Instructions for the task: Nothing but the lines from the one showing "Megan Fox in" through the final line of the data below belongs in the answer, duplicated exactly and without pictures.

Data provided:
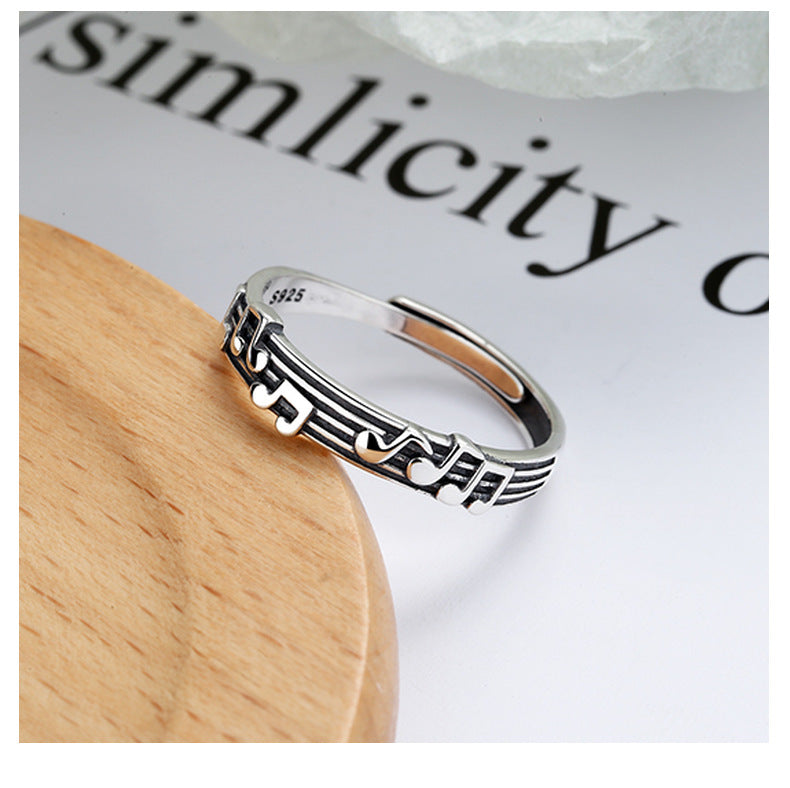 Origsoul music note eternity ring in silver with musical notes and staff design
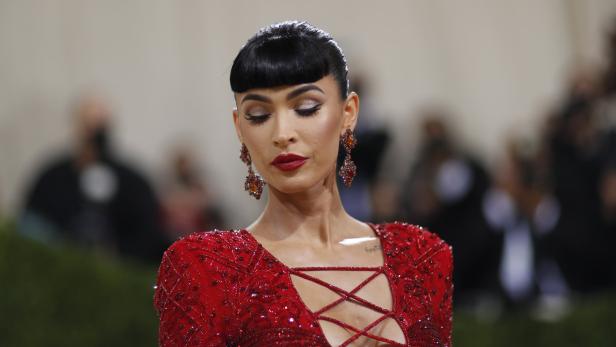 Megan Fox in einem roten, tief ausgeschnittenen Kleid mit passenden Ohrringen.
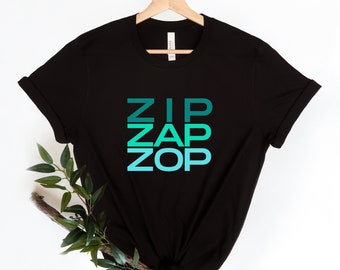 Puede incluir: Camiseta negra con un estampado gráfico de las palabras "ZIP ZAP ZOP" en un degradado de verde y azul.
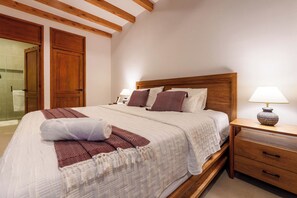 A neatly made bed with a white comforter and patterned pillows, a wooden nightstand with a lamp, and a wooden door with a towel hanging on it. - CASA CAOBA - Modern colonial Villa, 3 volcano views rooftop & 4BR (Antigua)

Answer to the problem:
 Megan Fox in einem roten, tief ausgeschnittenen Kleid mit passenden Ohrringen.
 Puede incluir: Camiseta negra con un estampado gráfico de las palabras "ZIP ZAP ZOP" en un degradado de verde y azul.
 A neatly made bed with a white comforter and patterned pillows, a wooden nightstand with a lamp, and a wooden door with a towel hanging on it. - CASA CAOBA - Modern colonial Villa, 3 volcano views rooftop & 4BR (Antigua)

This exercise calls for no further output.